Assignment:
Go to the line with "Book cover of: Feminism's" in the entries below and write out every line from there through the line with "Count ___, the", exactly and without pictures.

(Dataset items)
BEGIN

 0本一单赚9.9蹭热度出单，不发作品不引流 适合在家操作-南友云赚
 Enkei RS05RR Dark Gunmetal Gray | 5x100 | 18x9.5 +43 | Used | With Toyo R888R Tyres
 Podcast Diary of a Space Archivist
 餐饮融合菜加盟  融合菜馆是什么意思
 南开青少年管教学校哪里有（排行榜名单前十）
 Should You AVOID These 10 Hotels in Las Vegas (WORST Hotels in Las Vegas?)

END
BEGIN

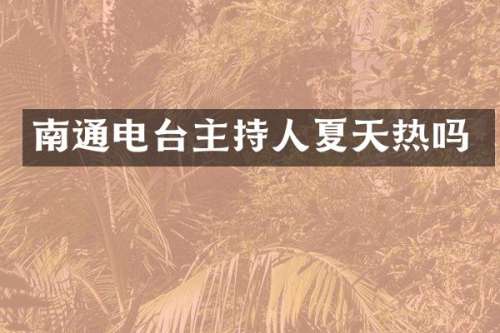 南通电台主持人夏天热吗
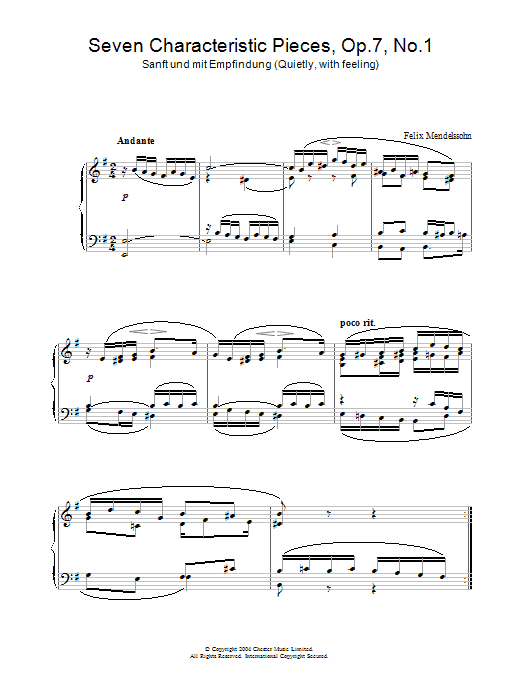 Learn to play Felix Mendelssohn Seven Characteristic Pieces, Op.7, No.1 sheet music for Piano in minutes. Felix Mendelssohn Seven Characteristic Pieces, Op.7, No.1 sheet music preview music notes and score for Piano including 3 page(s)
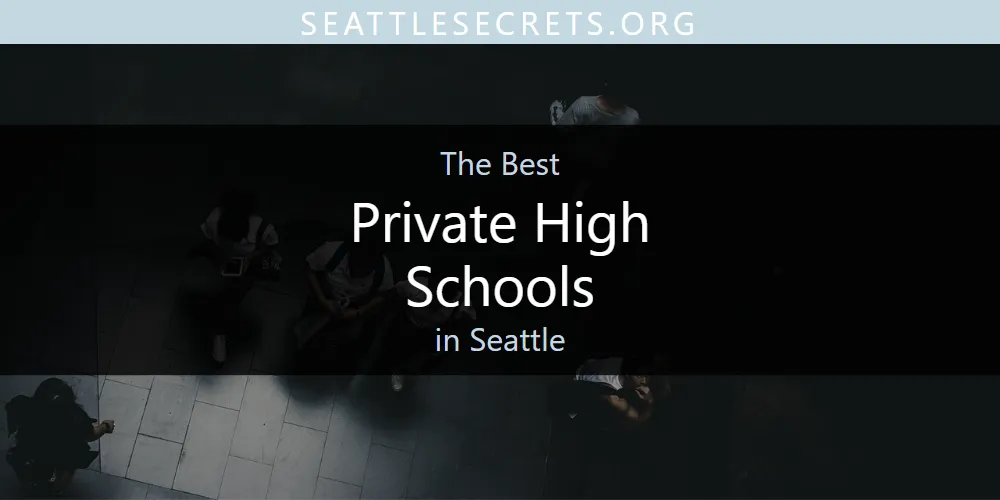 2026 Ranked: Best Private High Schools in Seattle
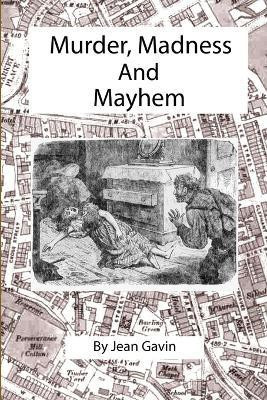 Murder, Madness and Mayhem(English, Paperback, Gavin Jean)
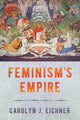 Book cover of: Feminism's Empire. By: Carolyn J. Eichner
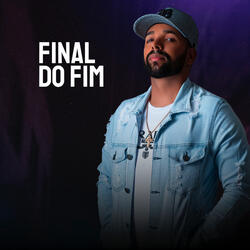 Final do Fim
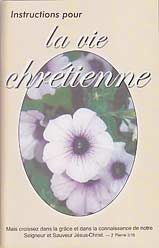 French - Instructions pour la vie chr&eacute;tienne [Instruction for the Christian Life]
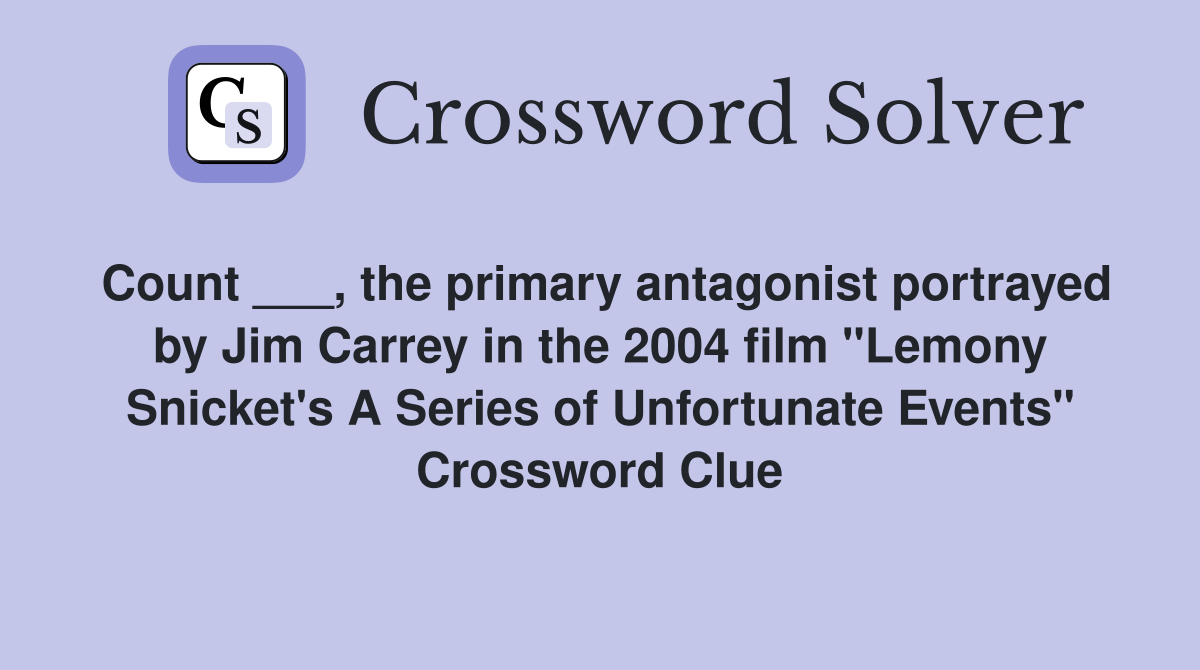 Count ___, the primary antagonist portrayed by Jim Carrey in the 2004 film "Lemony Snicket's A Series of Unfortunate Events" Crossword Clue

END

Output of the exercise:
 Book cover of: Feminism's Empire. By: Carolyn J. Eichner
 Final do Fim
 French - Instructions pour la vie chr&eacute;tienne [Instruction for the Christian Life]
 Count ___, the primary antagonist portrayed by Jim Carrey in the 2004 film "Lemony Snicket's A Series of Unfortunate Events" Crossword Clue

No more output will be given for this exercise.